Background
Novice nurses often find endotracheal suctioning signs unfamiliar. The Endotracheal Suction Assessment Tool© (ESAT©) aids pediatric nurses in suctioning but lacks an adult equivalent. A valid and reliable ESAT© for assessing intensive care unit patients’ suction needs across different populations is necessary.
Aim
To test the validity and reliability of the ESAT© in adult ICU patients.
Methods
This methodological study assessed suction needs in patients at a tertiary adult ICU of a university hospital. Two independent observers used the ESAT© to determine suction needs. Data from 106 suction procedures were collected using a patient characteristics form, the ESAT©, and a suction monitoring form. The ESAT© includes eight respiratory and ventilation parameters and seven clinical consideration parameters. Hemodynamic and respiratory parameters were measured before, and one and five minutes after suction. Linguistic validity, content validity, and pilot testing were conducted. Interobserver agreement was evaluated, and psychometric evaluation was done using content validity index (CVI) and intraclass correlation coefficient (ICC). Data were analyzed with paired samples t-test and ANOVA.
Results
Item CVI ranged from 0.80 to 1.00, and scale CVI was 0.96. Inter-item correlation and ICC for inter-rater reliability were both 0.933 (95 % CI = 0.903–0.954, p < 0.001 for ICC).
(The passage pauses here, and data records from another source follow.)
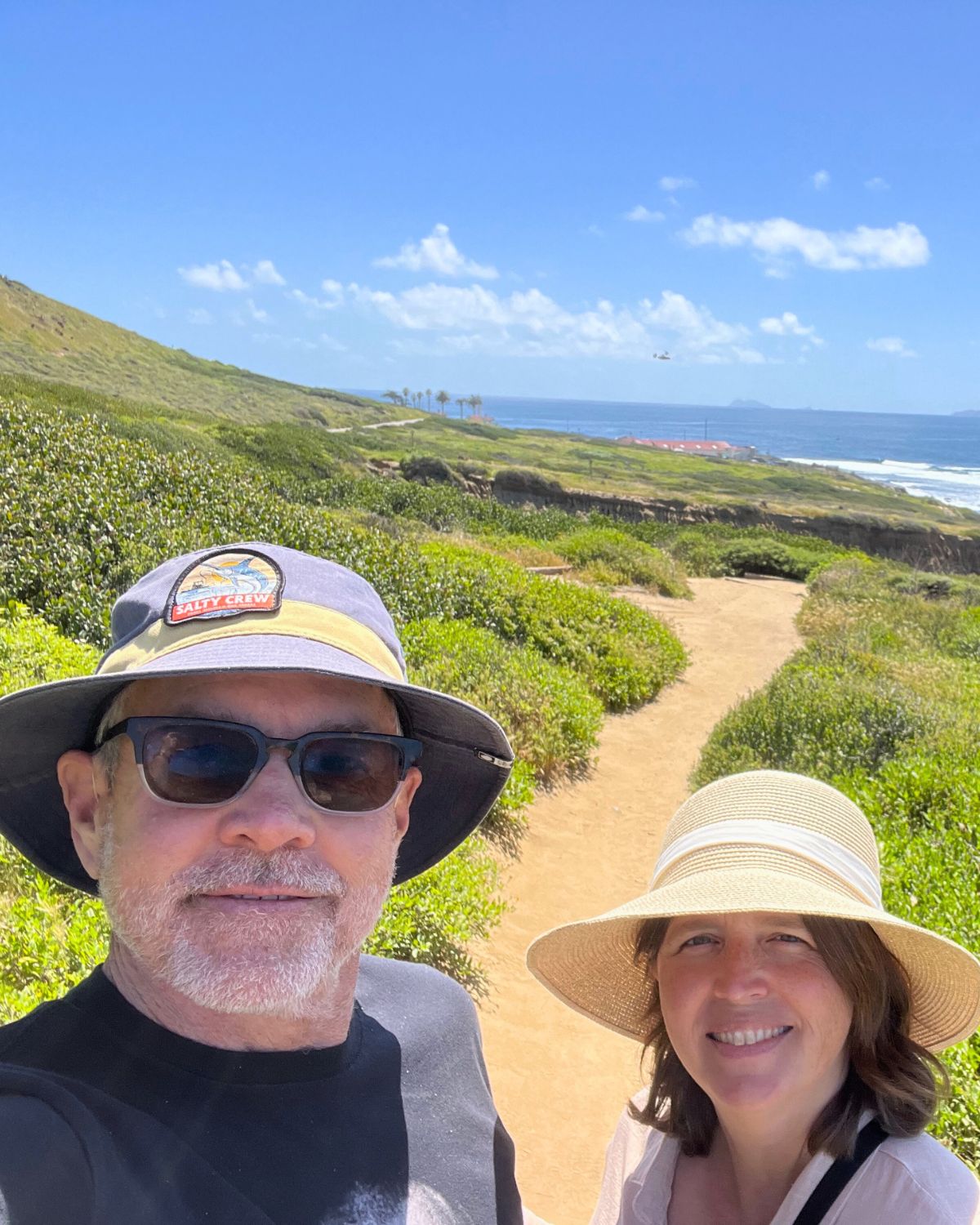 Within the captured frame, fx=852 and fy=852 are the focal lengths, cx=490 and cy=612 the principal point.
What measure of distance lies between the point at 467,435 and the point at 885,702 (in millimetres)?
76137

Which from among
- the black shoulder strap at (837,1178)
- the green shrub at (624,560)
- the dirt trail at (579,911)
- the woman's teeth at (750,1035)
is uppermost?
the woman's teeth at (750,1035)

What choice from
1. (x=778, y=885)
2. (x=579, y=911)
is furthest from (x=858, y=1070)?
(x=579, y=911)

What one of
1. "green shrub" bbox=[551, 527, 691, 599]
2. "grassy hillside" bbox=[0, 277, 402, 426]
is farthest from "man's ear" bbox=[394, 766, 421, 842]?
"grassy hillside" bbox=[0, 277, 402, 426]

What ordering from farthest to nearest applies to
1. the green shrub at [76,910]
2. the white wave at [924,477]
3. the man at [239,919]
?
the white wave at [924,477], the green shrub at [76,910], the man at [239,919]

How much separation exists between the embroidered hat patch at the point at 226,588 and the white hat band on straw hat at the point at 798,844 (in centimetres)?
107

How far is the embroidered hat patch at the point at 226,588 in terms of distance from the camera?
1.41 meters

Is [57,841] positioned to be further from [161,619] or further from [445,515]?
[445,515]

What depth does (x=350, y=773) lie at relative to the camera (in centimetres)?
150

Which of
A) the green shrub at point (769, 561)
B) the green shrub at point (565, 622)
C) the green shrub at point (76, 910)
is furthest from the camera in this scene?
the green shrub at point (769, 561)

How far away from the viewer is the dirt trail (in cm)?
354

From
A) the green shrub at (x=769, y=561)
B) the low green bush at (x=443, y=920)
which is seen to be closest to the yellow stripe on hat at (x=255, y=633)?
the low green bush at (x=443, y=920)

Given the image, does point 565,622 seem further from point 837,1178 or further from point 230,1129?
point 230,1129

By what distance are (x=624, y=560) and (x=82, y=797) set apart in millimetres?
16343

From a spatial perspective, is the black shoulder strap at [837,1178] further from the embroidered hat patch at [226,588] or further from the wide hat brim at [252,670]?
the embroidered hat patch at [226,588] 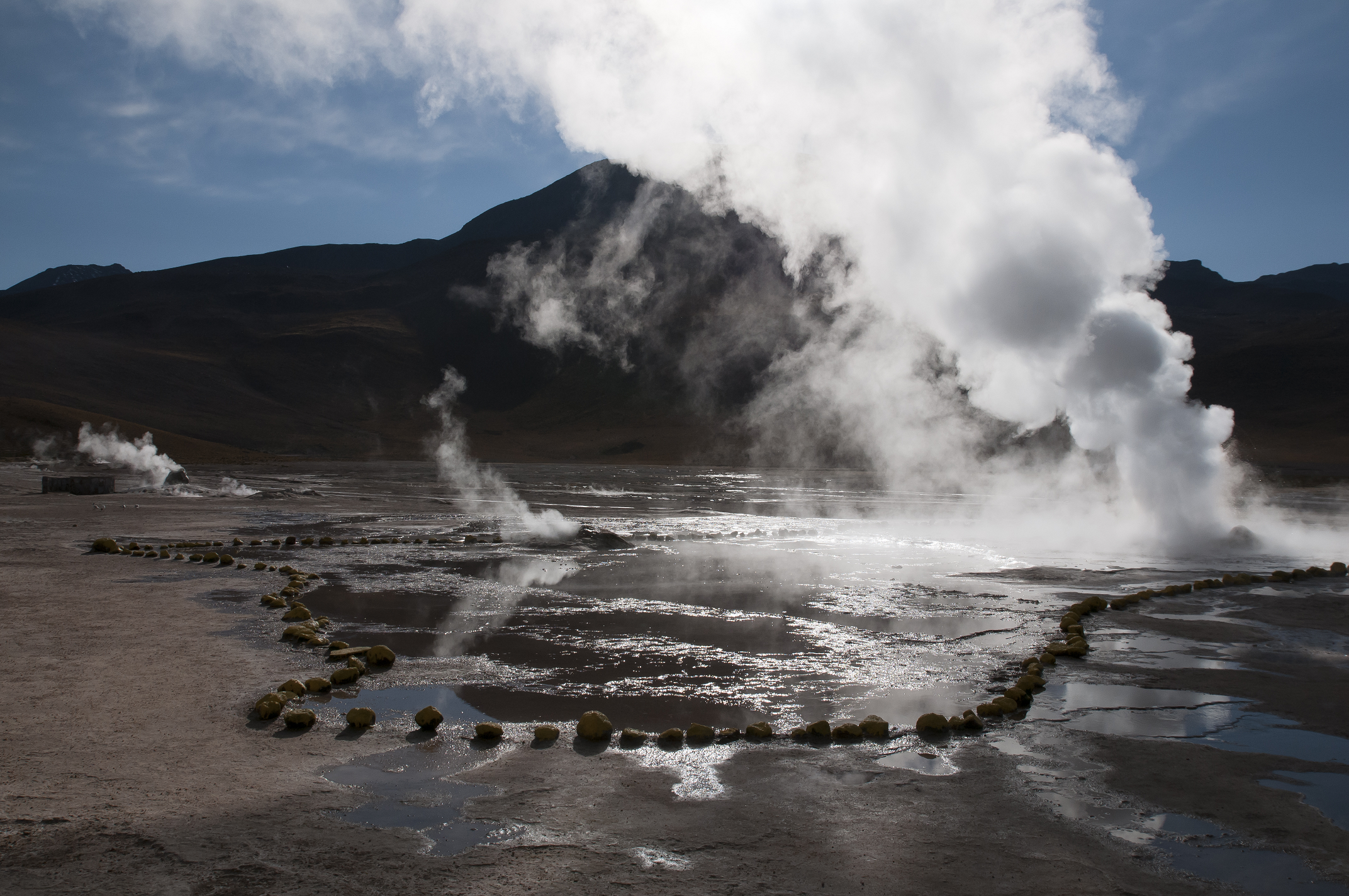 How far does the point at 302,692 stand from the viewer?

Cohen’s Kappa coefficients ranged from 0.690 to 1.000 (p < 0.001), indicating high consistency between raters for all tool items. All scale items showed near-perfect agreement except SpO2, which showed substantial agreement.
Conclusion
The S-CVI was good, indicating near-perfect agreement among raters. ESAT© is highly reliable and valid for determining suction needs in adult intensive care patients.
Implications for Practice
The ESAT© aids autonomous decision-making for suctioning needs. Originally for novice pediatric nurses, the ESAT© was adapted for adult intensive care nurses. The ESAT© is valid and reliable for adult intensive care patients.